The Study: Using comprehensive registry data, the authors of this prospective, observational, cohort study gathered outcomes data for patients with STEMI who were admitted to coronary care units in Sweden from 1999 to 2004. They calculated propensity scores to evaluate the likelihood of patients receiving PCI rather than the other options. Patient age was divided into tertiles, and additional adjustments were made for delays in time to treatment.

Results: Of the 39,192 patients, most (26,205, or 66.9 percent) received reperfusion therapy, with 7,084 (18.2 percent) receiving PCI; 3,078 (8.3 percent) receiving PHT; and 16,043 (41.3 percent) receiving IHT. Patients receiving PHT and PCI were mostly men, were younger, were more likely to smoke, had lower rates of heart failure, and had lower Killip scores. They were less likely to be taking diuretics and more likely to be taking aspirin, beta blockers, and statins. For various reasons, use of PCI in STEMI patients increased from 8.3 percent at the start of the study to 37.2 percent at the end of the study. Median delay times (time from symptom onset to intervention) were 167 minutes for IHT, 120 minutes for PHT, and 210 minutes for patients receiving PCI. PCI was performed after PHT or IHT in patients whose pain did not resolve with thrombolysis. In addition, nearly one half of patients with initial PHT and one third of those receiving initial IHT had PCI within two weeks of their STEMI event.

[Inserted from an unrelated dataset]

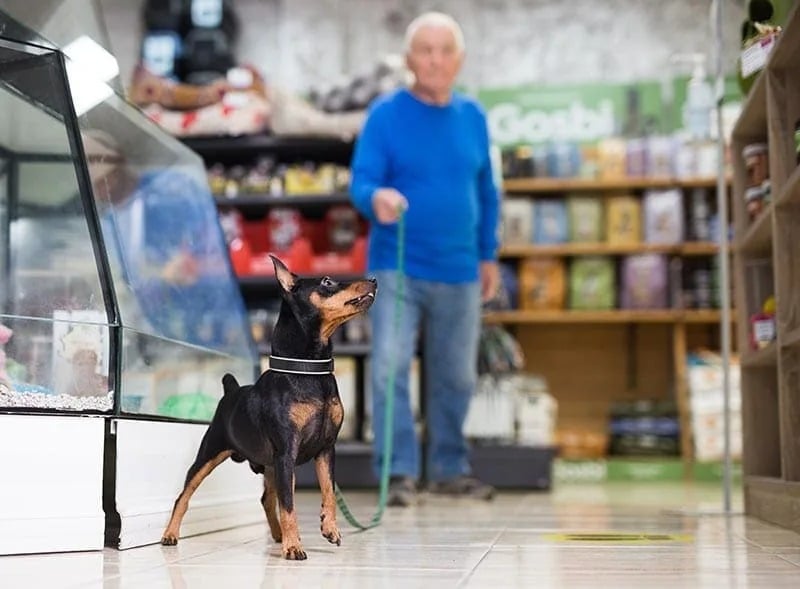 Doberman pinscher dog on leash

Hospital stays were shorter with PCI than with IHT and PHT, even after adjusting for baseline characteristics. After adjustment, in-hospital reinfarction rates and readmission rates for acute myocardial infarction within one year were lower for PCI than for PHT and IHT. Primary PCI also resulted in lower mortality than IHT at seven days, 30 days, and one year, and lower mortality than PHT at 30 days and one year.

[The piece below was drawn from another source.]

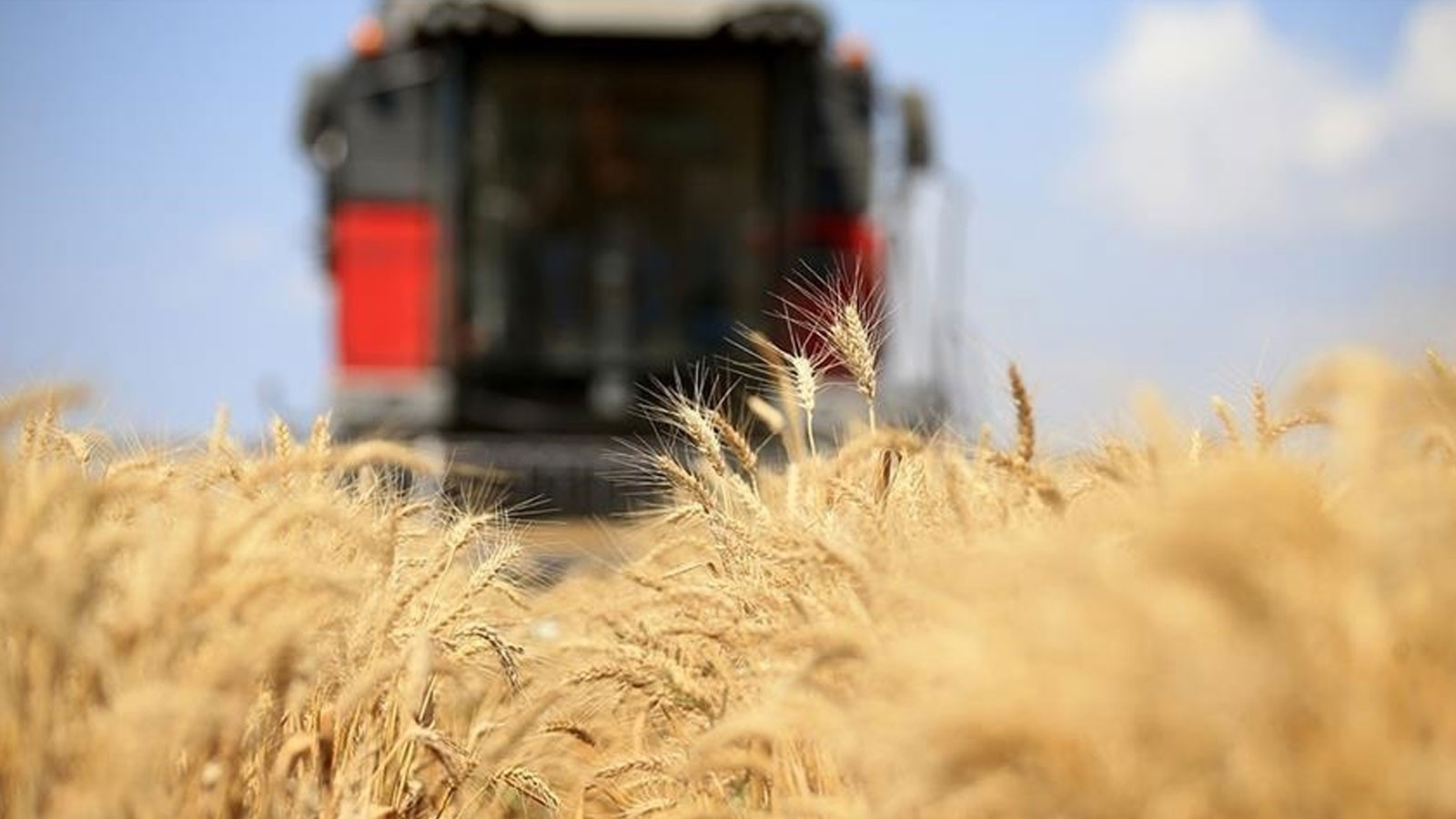 FAO ve Türkiye’den tarım politikalarını güçlendirecek yeni proje FAO ve Türkiye’den tarım politikalarını güçlendirecek yeni proje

Conclusion: In accordance with previous trials, PCI had favorable survival outcomes compared with PHT and IHT. Thrombolytic therapy is preferable only if PCI is delayed more than six to seven hours, and PHT or IHT appear to have equivalent survival outcomes with PCI only if they are administered within two hours of symptom onset.

Source

Stenestrand U, et al. Long-term outcome of primary percutaneous coronary intervention vs prehospital and inhospital thrombolysis for patients with ST-elevation myocardial infarction. JAMA. October 11, 2006;296:1749–56.